Records from a collection:
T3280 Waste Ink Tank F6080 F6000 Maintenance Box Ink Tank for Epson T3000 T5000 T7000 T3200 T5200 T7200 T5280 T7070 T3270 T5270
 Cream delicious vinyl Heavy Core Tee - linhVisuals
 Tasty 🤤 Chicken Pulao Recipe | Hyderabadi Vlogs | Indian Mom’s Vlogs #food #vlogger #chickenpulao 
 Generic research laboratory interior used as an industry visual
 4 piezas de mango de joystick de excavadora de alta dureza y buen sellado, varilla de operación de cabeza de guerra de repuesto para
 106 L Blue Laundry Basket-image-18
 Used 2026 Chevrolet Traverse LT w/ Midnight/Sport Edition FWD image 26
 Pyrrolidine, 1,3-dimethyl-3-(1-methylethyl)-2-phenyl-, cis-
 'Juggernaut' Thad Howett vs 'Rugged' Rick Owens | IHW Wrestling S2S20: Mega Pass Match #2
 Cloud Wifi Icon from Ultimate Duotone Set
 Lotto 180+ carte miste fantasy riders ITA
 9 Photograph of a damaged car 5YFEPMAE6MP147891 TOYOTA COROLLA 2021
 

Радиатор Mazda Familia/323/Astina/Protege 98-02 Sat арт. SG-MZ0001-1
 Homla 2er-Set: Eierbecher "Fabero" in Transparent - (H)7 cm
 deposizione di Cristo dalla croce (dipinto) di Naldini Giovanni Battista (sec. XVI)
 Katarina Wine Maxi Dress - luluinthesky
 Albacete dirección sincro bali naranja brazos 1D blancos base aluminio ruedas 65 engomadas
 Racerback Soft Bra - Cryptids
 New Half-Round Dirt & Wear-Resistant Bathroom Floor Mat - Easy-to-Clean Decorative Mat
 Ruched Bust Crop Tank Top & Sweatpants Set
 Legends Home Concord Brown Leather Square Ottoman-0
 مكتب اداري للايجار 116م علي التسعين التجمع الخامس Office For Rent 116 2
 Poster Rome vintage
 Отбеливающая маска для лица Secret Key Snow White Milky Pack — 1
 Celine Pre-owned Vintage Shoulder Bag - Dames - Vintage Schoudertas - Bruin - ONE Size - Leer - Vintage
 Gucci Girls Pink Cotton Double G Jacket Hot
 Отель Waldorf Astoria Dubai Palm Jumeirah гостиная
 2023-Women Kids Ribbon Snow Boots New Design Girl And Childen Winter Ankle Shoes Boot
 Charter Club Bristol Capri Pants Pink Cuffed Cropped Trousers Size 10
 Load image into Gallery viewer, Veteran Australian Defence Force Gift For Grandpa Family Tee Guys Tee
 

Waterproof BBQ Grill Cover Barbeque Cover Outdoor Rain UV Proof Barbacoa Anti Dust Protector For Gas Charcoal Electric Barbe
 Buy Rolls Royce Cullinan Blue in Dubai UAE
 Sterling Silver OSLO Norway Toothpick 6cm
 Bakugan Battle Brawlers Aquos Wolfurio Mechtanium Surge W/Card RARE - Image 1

» Required work: Recopy the entries above exactly, with every line included.

» Written answer:
T3280 Waste Ink Tank F6080 F6000 Maintenance Box Ink Tank for Epson T3000 T5000 T7000 T3200 T5200 T7200 T5280 T7070 T3270 T5270
 Cream delicious vinyl Heavy Core Tee - linhVisuals
 Tasty 🤤 Chicken Pulao Recipe | Hyderabadi Vlogs | Indian Mom’s Vlogs #food #vlogger #chickenpulao 
 Generic research laboratory interior used as an industry visual
 4 piezas de mango de joystick de excavadora de alta dureza y buen sellado, varilla de operación de cabeza de guerra de repuesto para
 106 L Blue Laundry Basket-image-18
 Used 2026 Chevrolet Traverse LT w/ Midnight/Sport Edition FWD image 26
 Pyrrolidine, 1,3-dimethyl-3-(1-methylethyl)-2-phenyl-, cis-
 'Juggernaut' Thad Howett vs 'Rugged' Rick Owens | IHW Wrestling S2S20: Mega Pass Match #2
 Cloud Wifi Icon from Ultimate Duotone Set
 Lotto 180+ carte miste fantasy riders ITA
 9 Photograph of a damaged car 5YFEPMAE6MP147891 TOYOTA COROLLA 2021
 

Радиатор Mazda Familia/323/Astina/Protege 98-02 Sat арт. SG-MZ0001-1
 Homla 2er-Set: Eierbecher "Fabero" in Transparent - (H)7 cm
 deposizione di Cristo dalla croce (dipinto) di Naldini Giovanni Battista (sec. XVI)
 Katarina Wine Maxi Dress - luluinthesky
 Albacete dirección sincro bali naranja brazos 1D blancos base aluminio ruedas 65 engomadas
 Racerback Soft Bra - Cryptids
 New Half-Round Dirt & Wear-Resistant Bathroom Floor Mat - Easy-to-Clean Decorative Mat
 Ruched Bust Crop Tank Top & Sweatpants Set
 Legends Home Concord Brown Leather Square Ottoman-0
 مكتب اداري للايجار 116م علي التسعين التجمع الخامس Office For Rent 116 2
 Poster Rome vintage
 Отбеливающая маска для лица Secret Key Snow White Milky Pack — 1
 Celine Pre-owned Vintage Shoulder Bag - Dames - Vintage Schoudertas - Bruin - ONE Size - Leer - Vintage
 Gucci Girls Pink Cotton Double G Jacket Hot
 Отель Waldorf Astoria Dubai Palm Jumeirah гостиная
 2023-Women Kids Ribbon Snow Boots New Design Girl And Childen Winter Ankle Shoes Boot
 Charter Club Bristol Capri Pants Pink Cuffed Cropped Trousers Size 10
 Load image into Gallery viewer, Veteran Australian Defence Force Gift For Grandpa Family Tee Guys Tee
 

Waterproof BBQ Grill Cover Barbeque Cover Outdoor Rain UV Proof Barbacoa Anti Dust Protector For Gas Charcoal Electric Barbe
 Buy Rolls Royce Cullinan Blue in Dubai UAE
 Sterling Silver OSLO Norway Toothpick 6cm
 Bakugan Battle Brawlers Aquos Wolfurio Mechtanium Surge W/Card RARE - Image 1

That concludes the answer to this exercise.